CPU Real World Performance

A small note on real world testing against synthetic testing – due to the way that DRAM affects a system, there can be a large disconnect between what we can observe in synthetic tests against real world testing. Synthetic tests are designed to exploit various feature XYZ, usually in an unrealistic scenario, such as pure memory read speeds or bandwidth numbers. While these are good for exploring the peak potential of a system, they often to not translate as well as CPU speed does if we invoke some common prosumer real world task. So while spending 10x on memory might show a large improvement in peak bandwidth numbers, users will have to weigh up the real world benefits in order to find the day-to-day difference when going for expensive hardware. Typically a limiting factor might be something else in the system, such as the size of a cache, so with all the will in the world a faster read speed won’t make much difference. As a result, we tend to stick to real world tests for almost all of our testing (with a couple of minor suggestions). Our benchmarks are either derived from areas such as transcoding a film or come from a regular software format such as molecular dynamics running a consistent scene.

Handbrake v0.9.9

For HandBrake, we take two videos (a 2h20 640x266 DVD rip and a 10min double UHD 3840x4320 animation short) and convert them to x264 format in an MP4 container.  Results are given in terms of the frames per second processed, and HandBrake uses as many threads as possible.

HandBrake v0.9.9 LQ Film

HandBrake v0.9.9 HQ Film

The low quality conversion is more reliant on CPU cycles available, while the high resolution conversion seems to have a very slight ~3% benefit moving up to DDR4-3000 memory.

WinRAR 5.01

Our WinRAR test from 2013 is updated to the latest version of WinRAR at the start of 2014. We compress a set of 2867 files across 320 folders totaling 1.52 GB in size – 95% of these files are small typical website files, and the rest (90% of the size) are small 30 second 720p videos.

WinRAR 5.01

The biggest difference showed a 5% gain over DDR4-2133 C15, although this seemed at random.
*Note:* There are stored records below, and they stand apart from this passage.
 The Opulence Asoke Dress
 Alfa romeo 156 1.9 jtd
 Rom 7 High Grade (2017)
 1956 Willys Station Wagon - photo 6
FastStone Image Viewer 4.9

FastStone Image Viewer is a free piece of software I have been using for quite a few years now. It allows quick viewing of flat images, as well as resizing, changing color depth, adding simple text or simple filters. It also has a bulk image conversion tool, which we use here. The software currently operates only in single-thread mode, which should change in later versions of the software. For this test, we convert a series of 170 files, of various resolutions, dimensions and types (of a total size of 163MB), all to the .gif format of 640x480 dimensions. Results shown are in seconds, lower is better.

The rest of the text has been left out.